A woman with a "past", named Maggie (Cynthia Watros), takes him in to care for him. He stays in her extra room, but she insists he give up his gun while at her home because she has a daughter.

The local sheriff, on Cusacks's payroll, is meanwhile trying to run off some squatters. The Sheriff's gang attempts to intimidate the squatters, but once The Preacher learns of the Sheriff's and The Colonel's dealings, he visits the squatters, who tell him they paid for the land but never got the deed. A few days later the Sheriff's posse burns down a few of the squatter's tents.

The Preacher attempts to negotiate peacefully with the Sheriff, and so visits Cusack. Cusack tries to persuade The Preacher to join his mob, which he refuses. The Sheriff then sends a message to The Preacher by having some of his men rough up Maggie. Unarmed still because of his agreement with Maggie, The Preacher catches the gang in the act and overcomes one of the men's guns, scaring the men off.

The Preacher gets his gun back from Maggie and sets out to visit the Squatters again, and is met by the Sheriff and some of his gang. The Preacher, now armed, tells the Sheriff that the squatters have a right to stay. Gunfire ensues, and The Preacher shoots the sheriff. The rest of the bad guys run off.

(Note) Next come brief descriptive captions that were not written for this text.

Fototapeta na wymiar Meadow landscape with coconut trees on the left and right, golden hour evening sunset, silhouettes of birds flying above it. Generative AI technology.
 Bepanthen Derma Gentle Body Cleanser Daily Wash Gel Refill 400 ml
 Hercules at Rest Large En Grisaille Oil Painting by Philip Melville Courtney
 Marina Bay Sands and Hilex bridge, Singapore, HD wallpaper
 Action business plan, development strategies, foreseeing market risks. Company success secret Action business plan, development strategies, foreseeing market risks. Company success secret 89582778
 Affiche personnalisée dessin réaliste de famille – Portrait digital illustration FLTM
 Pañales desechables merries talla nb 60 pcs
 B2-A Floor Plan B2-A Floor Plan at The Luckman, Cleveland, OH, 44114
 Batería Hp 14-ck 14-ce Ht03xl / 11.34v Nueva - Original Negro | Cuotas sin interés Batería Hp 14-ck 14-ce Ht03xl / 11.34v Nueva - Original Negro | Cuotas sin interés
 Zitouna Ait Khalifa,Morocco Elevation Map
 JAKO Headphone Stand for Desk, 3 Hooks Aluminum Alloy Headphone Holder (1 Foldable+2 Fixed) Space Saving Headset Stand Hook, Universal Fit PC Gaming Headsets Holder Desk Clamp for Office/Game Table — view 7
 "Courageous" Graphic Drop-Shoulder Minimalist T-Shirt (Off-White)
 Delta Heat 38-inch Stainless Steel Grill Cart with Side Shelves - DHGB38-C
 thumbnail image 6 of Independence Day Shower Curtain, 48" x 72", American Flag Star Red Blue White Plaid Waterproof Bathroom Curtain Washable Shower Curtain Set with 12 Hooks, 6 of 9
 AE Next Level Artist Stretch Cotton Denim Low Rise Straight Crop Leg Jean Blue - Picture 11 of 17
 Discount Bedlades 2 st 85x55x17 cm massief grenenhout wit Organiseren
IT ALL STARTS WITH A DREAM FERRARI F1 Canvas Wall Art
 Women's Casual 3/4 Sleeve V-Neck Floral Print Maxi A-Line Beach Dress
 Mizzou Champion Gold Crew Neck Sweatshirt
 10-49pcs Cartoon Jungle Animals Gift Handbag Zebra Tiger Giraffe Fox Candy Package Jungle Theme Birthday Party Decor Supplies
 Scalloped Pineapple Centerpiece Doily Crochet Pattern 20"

The Preacher then pays a visit to Cusack for a final showdown, and obtains the deed for the squatters. As he turns to leave, having satisfied his purpose for the visit, the Colonel tries to shoot him, but The Preacher is faster and kills Cusack. The Preacher returns to Maggie and her daughter.

==Cast==
- Kevin Sorbo as The Preacher
- Nick Chinlund as Quinn
- Cynthia Watros as Maggie
- Richard Lee Jackson as Billy
- Wings Hauser as Colonel Cusack
- Joey King as Amelia
- Brad Carter as Gunman #2
- Jim Haynie as Elijah

The production designer was Scott H. Campbell, while casting was handled by Penny Perry and Amy Reese.

==Reception==
Avenging Angel did moderately well for Hallmark Channel when it premiered. The film scored a 2.6 household rating, making it the highest-rated ad supported cable movie for the day. A reviewer at Chud.com called it:
A standard yarn about revenge by a man wearing the cloth in Jesus' name. A shame this sort of story has been told many times before and done better...The one thing this movie has going for it is Sorbo does turn in a decent performance and he is the only reason Avenging Angel is worth watching, although I might be pushing the envelope with that endorsement.
However, TrailerFan.com wrote that "Avenging Angel delivers the goods at point-blank range." The Variety review found it to be unoriginal stating "'Avenging Angel' feels less written than simply stitched together from pieces of classic oaters, without stretching much meat over those old bones."